Implementing Bayesian Optimization

As mentioned in the previous sections, we first need a Gaussian Process as a surrogate model. We can either write it from scratch or just use some open-sourced library to do this. Here, I have used sci-kit learn to create a regressor

# Create the Model
    m52 = sklearn.gaussian_process.kernelsConstantKernel(1.0) * Matern( length_scale=2.0, 
                                        nu=1.5
                                    )
    model = sklearn.gaussian_process.GaussianProcessRegressor(
                                        kernel=m52, 
                                        alpha=1e-10, 
                                        n_restarts_optimizer=100
                                    )

Once th Gaussian process is established, we now need to write the acquisition function. I have used the Expected Improvements acquisition function. The core idea can be re-written as proposed by Mockus

\[EI(x) = \begin{cases} \big( \mu_t(x) - y_{max} - \epsilon \big ) \Phi(Z) + \sigma_t (x) \phi(Z) &\sigma_t(x) > 0 \\ 0 & \sigma_t(x) > 0 \end{cases}\]

Where

\[Z = \frac{\mu_t(x) - y_{max} - \epsilon}{\sigma_t(x) }\]

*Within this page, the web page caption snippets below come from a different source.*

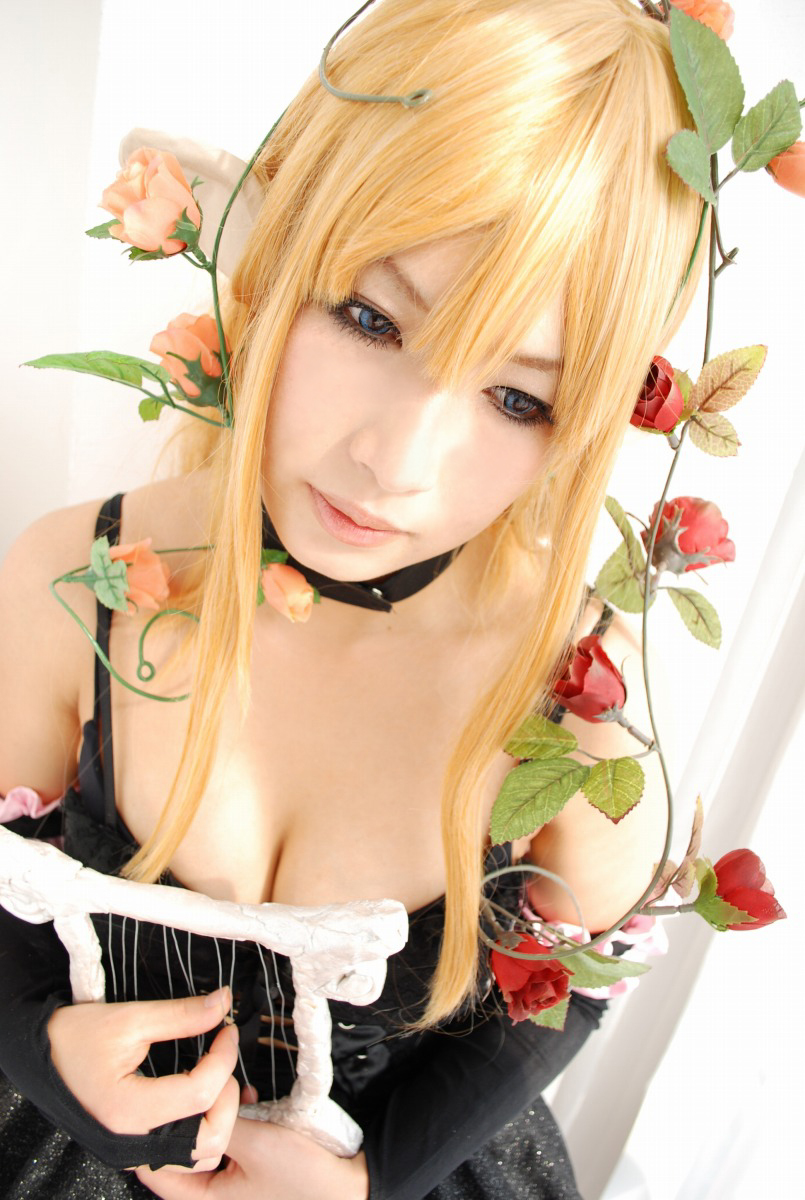 [Cosplay] 2013.05.11 Zero no Tsukima - Hot Tiffania Westwood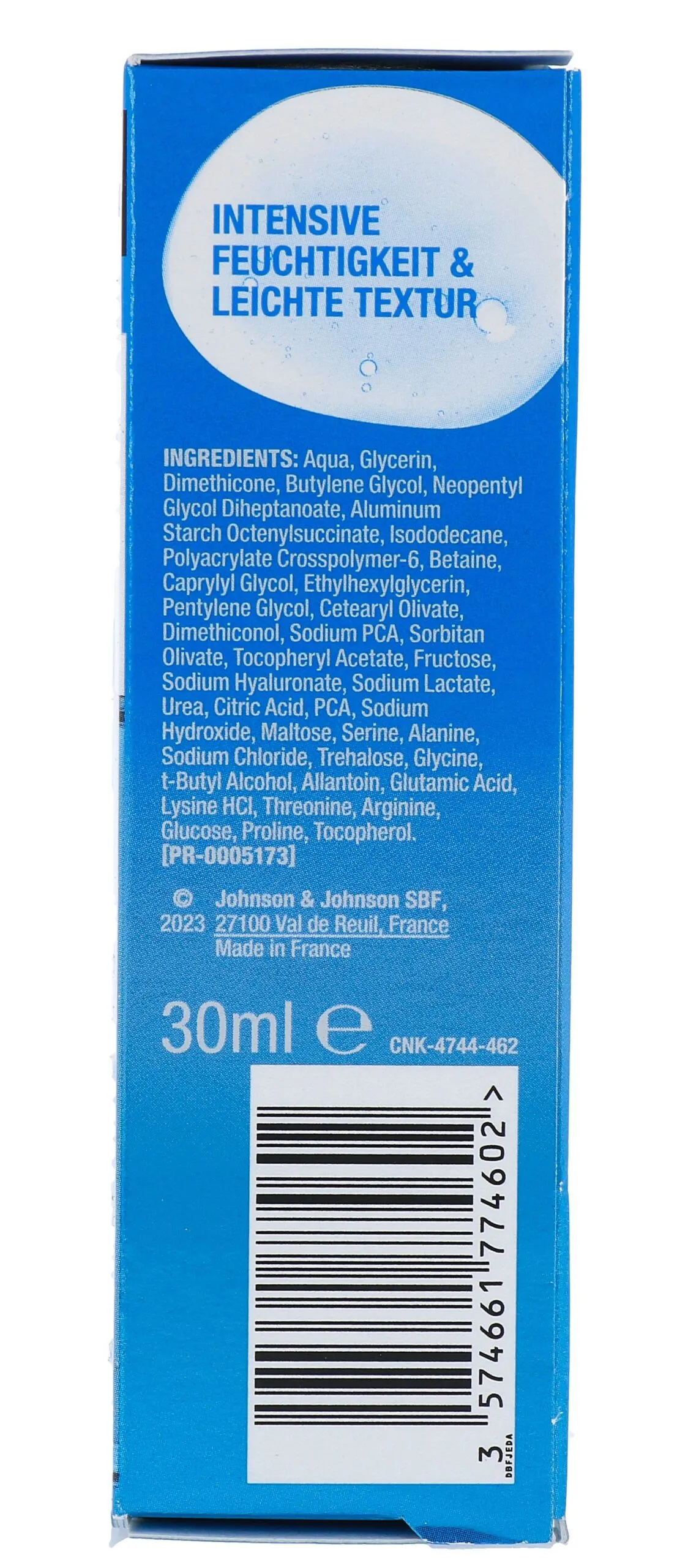 Neutrogena Hydro Boost Puur Hyaluronzuur Ultra Hydraterend Serum (30 ml) - image 3
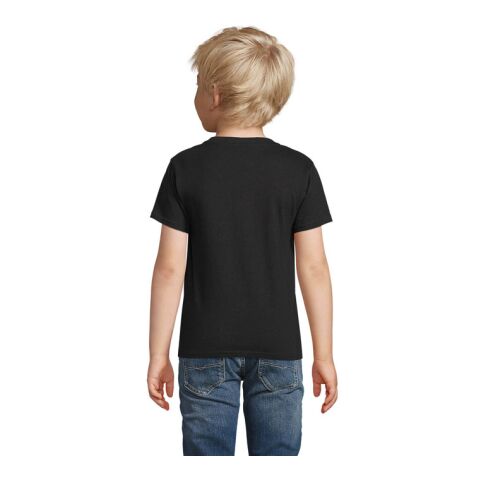 PIONEER KINDERT-SHIRT 175g tiefschwarz | 4XL | ohne Werbeanbringung | Nicht verfügbar | Nicht verfügbar | Nicht verfügbar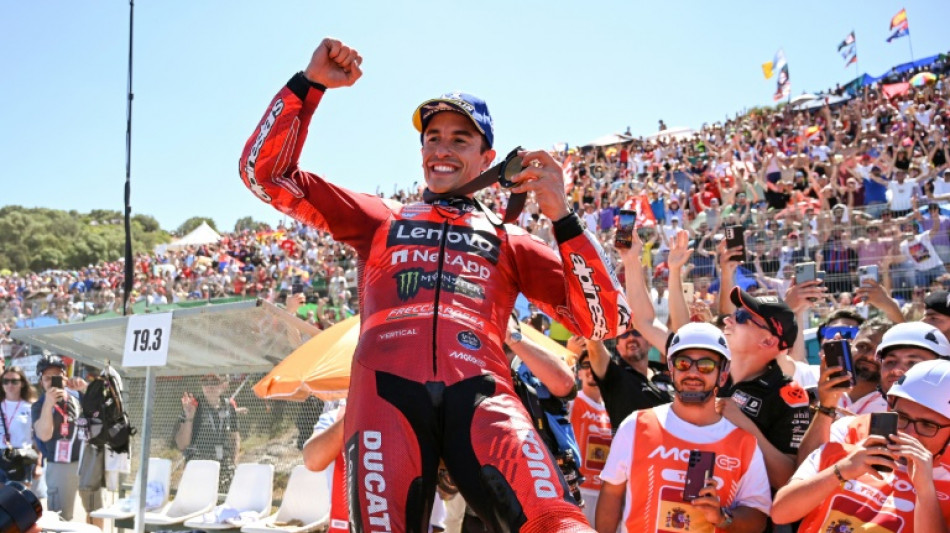 MotoGP/Espagne: Marc Marquez remporte le sprint, Fabio Quartararo chute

and $\Phi$ and $\phi$ are the PDF and CDF functions. This formulation is an analytical expression that achieves the same result as our earlier formulation and we have added $\epsilon$ as an exploration parameter. This can be implemented as follows

def _acquisition(self, X, samples):
        '''
            Acquisition function using hte Expected Improvement method

            Parameters
            -----------
            X : N x 1 
                Array of parameter points observed so far

            X_samples : N x 1
                Array of Sampled points between the bounds

            Returns
            --------
            float
                Expected improvement

        '''

        # calculate the max of surrogate values from history
        mu_x_, _ = self.surrogate(X)
        max_x_ = max(mu_x_)

        # Get the mean and deviation of the samples 
        mu_sample_, std_sample_ = self.surrogate(samples)
        mu_sample_ = mu_sample_[:, 0]

        # Get the improvement
        with np.errstate(divide='warn'):
            z = (mu_sample_ - max_x_ - self.eps) / std_sample_
            EI_ = (mu_sample_ - max_x_ - self.eps) * \
                scipy.stats.norm.cdf(z) + std_sample_ * scipy.stats.norm.pdf(z)
            EI_[std_sample_ == 0.0] = 0

        return EI_

the self.surrogate() function is just predicting using the Gaussian process earlier written. Once we have our expected improvements, we need to optimize our acquisition by maximizing over these expected improvements

def optimize_acq(self, X):
        '''
            Optimization of the Acquisition function using a maximization check of the outputs

            Parameters
            -----------
            X : N x 1 
                Array of parameter points

            Returns
            --------
            float
                Next location of the sampling point based on the Maximization

        '''
            
        # Calculate Acquisition value for each sample
        EI_ = self._acquisition(X, self.X_samples_)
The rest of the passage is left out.